In this project, you will create a small application that displays data from Google Fusion Tables. The work you do in this project byte is something you will build on throughout this class. This assignment has the following learning goals:
This project requires you to use Python 2.7 (please note the version number) and some additional libraries that are available for python. To learn more about Python, you may want to explore www.pythontutor.com. The textbook Introduction to Computing and Programming in Python is an excellent introductory book aimed at non programmers.
Google Cloud Platform is a development environment that will let you place your code on the web with relative ease.

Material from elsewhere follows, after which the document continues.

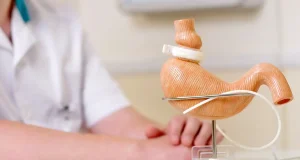¿Te operaste para bajar de peso? la alimentación, la microbiota y del acompañamiento profesional son claves para superar las cirugías bariátricas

An excellent "Getting Started" tutorial will walk you through the initial creation of a simple application that displays plain text on the web.
The tutorial is quite detailed and helpful. Be sure to follow it all the way through until you can load your website on the web.
Here is what you will have accomplished after you complete the tutorial:
It is a requirement for this project that you use github to manage your source code. This has several benefits, including providing a way to turn in your source code. You can get an account for free at https://github.com/. Note that unless you pay, everything you put on github is public. Once you create your account, you will need to create a repository, which you should name [yourbytename], which you can do following this tutorial: https://help.github.com/articles/create-a-repo/
You can see, for example, that I have created the repository jmankoff-fusion2017 in my public github account.
You should create a repository for your project. You can then connect it to your app by clicking on the 'create repository' button shown below. It will ask you for a name -- use something like [yourbytename]-github
Once you create the repository, you have to specify what to link it to:
Click on 'automatically mirror from github or bitbucket' and select github from the 'Select hosting service' menu and select the repository you just created.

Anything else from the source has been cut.